How To Peel and Mince Fresh Ginger
Spoon, preferably one with a thin edge
Large sharp knife
Peeling ginger with a spoon. Using the edge of the spoon with the convex of the bowl facing towards you, scrape away the ginger's papery skin using firm, downward strokes. You can anchor the root on a cutting board or hold it in your other hand, either will work. Scrape away as much as needed from the larger root (the rest of the root will give you a nice 'handle' to steady the process) or the whole piece if that's what's needed. The spoon will make it easier to work your way over and around all the little nubs. With a spoon, pretty much just the skin will be removed.
Peeling ginger with a vegetable peeler. In the same way you would use the spoon, peel the skin from the root. You will need a little more caution here as you can potentially cut yourself with the peeler and you will also notice that you are taking off some of the flesh.
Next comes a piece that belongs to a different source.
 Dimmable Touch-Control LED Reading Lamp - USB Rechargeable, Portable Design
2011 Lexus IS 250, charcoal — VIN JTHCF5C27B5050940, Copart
The peeler should be able to handle the bumps and nubs but again, use caution as this is the classic place to slip and cut yourself.
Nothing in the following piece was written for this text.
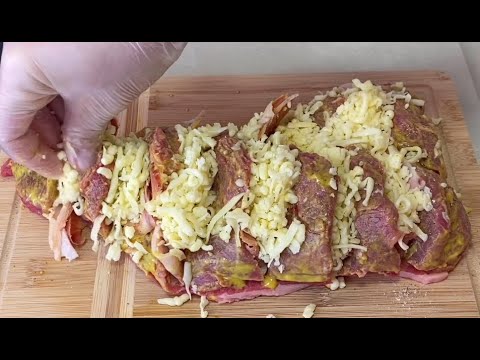 Vídeo: Carne Recheada Com Bacon E Vegetais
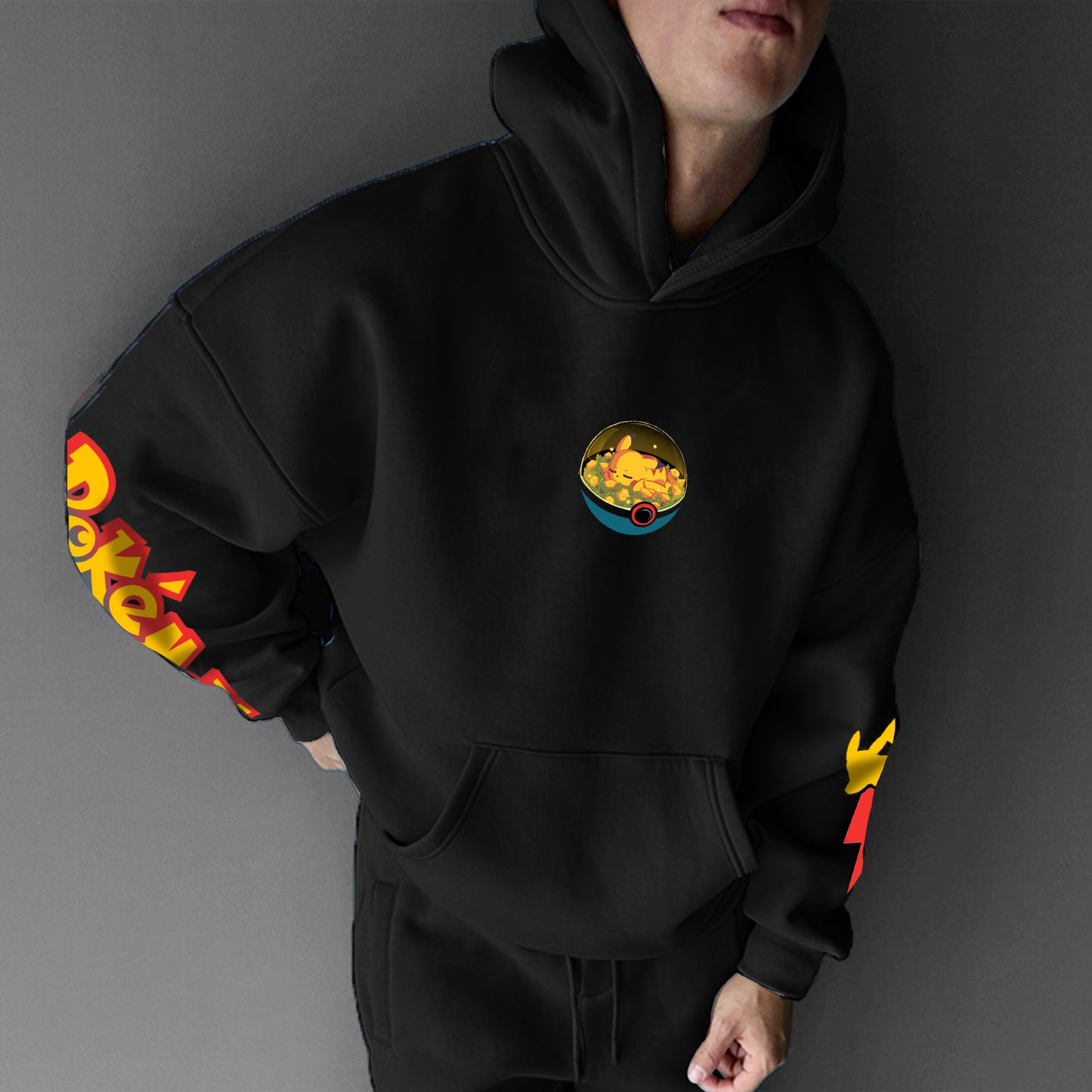 Pokémon Unisex Anime Graphic Streetwear Vintage Hoodie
Mincing ginger by hand. Cut the ginger into coins. Using a large, sharp knife, cut the peeled ginger crosswise into coins. The thickness of the coins will determine how fine your mince will be: thinner coins will yield a finer mince. Cut the coins into matchsticks and then tiny cubes. Stack a few coins up. Do not make too high of a pile as the coins can easily slip when cutting and cause you to loose control of your knife. Cut the matchstick crosswise into a mince. Repeat with remaining coins.
Chop again if needed. I sometimes take my knife and chop it while moving it through the whole pile to chop any bigger pieces that I may have missed the first time. This is sometimes called 'running your knife through.'
Mincing ginger on the microplane. The microplane is an excellent tool if you want superfine, even pureed, ginger. It will often create some juice, so be sure to use it over a plate or bowl. Simply rub your ginger on the microplane using a fair amount of pressure, being cautious as you get to the end of your piece as you can easily scrape your fingers on its razor sharp surface. You may have to scrape the ginger pulp off of the back of the microplane or give it a firm whack to dislodge the ginger. This method and its results are similar to what you would get if you used a traditional asian ginger grater.